On International Women’s Day, Alex Almonte took her 5-year-old daughter, Abrianna Tomar Almonte, to see Wall Street’s new statue of “The Fearless Girl.” What she thought would be a typical day out turned into something symbolic.
Abrianna didn’t have school on Wednesday. That morning, she and her mom ate breakfast and saw on the news that a statue of a girl had been placed to face Wall Street’s famous charging bull statue. It’s called “The Fearless Girl” and was put up by asset management group State Street Global Advisors. Alex took her daughter to see the statue, and Abrianna brought it to life with her excellent outfit choice.
Alex asked Abrianna that morning if she wanted to take the train from Harlem to see the statue, and Abrianna decided she’d wear her Owlette costume to look like the superhero from the show “PJ Masks.” Abrianna likes to wear costumes often and has found a way to bond with her brother who has autism through them.
“It’s her way of catching his attention a little bit so he can play with her and bond,” Alex told The Huffington Post.
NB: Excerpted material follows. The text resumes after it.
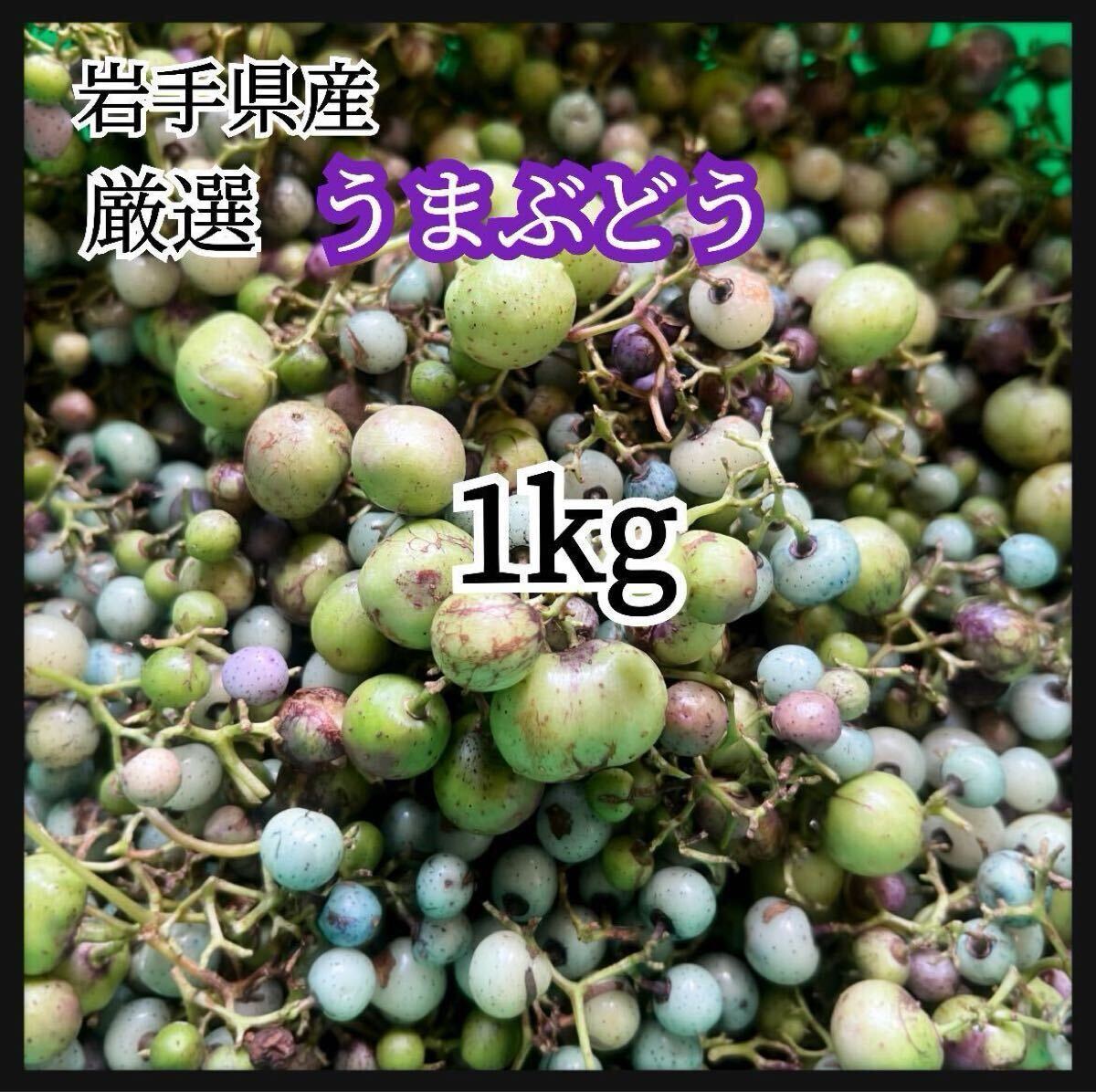 岩手県産 1kg 馬ぶどう うまぶどう　冷凍クール便　薬膳　うまぶどう酒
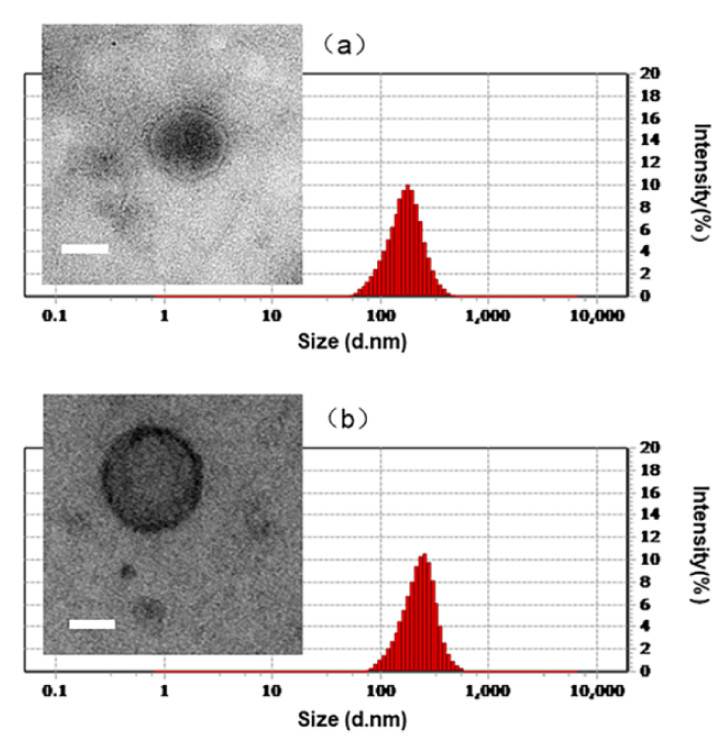 TEM images and size distribution of dual-loaded exosome mimetics showing morphology and nanoscale structure (~100 nm).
When Alex and Abrianna finally arrived downtown at the statue, Abrianna asked if she could take her jacket off momentarily to take a photo with “The Fearless Girl” while wearing her superhero costume. Alex gave the OK, but by the time she got her camera out of her bag everyone else checking out the statue was taking photos of Abrianna.
“She was already standing next to the statue, and people were taking pictures of her and telling her, ‘Oh, can you put your arm up?’” she said.
Photos of Abrianna mimicking the statue are now all over social media. The next day, she showed her teacher the photos and learned that people at school had seen the pics, but had no idea it was her behind the superhero costume. Alex finally got her own photos of her daughter with the statue before they left.
On their way home, Alex talked to her daughter about what happened that day. She said that “The Fearless Girl” was a superhero, prompting her daughter to ask what her “superpower” was.
“She kind of represents all of us, all women,” Alex told her daughter. “She’s trying to empower us and show us to be great.”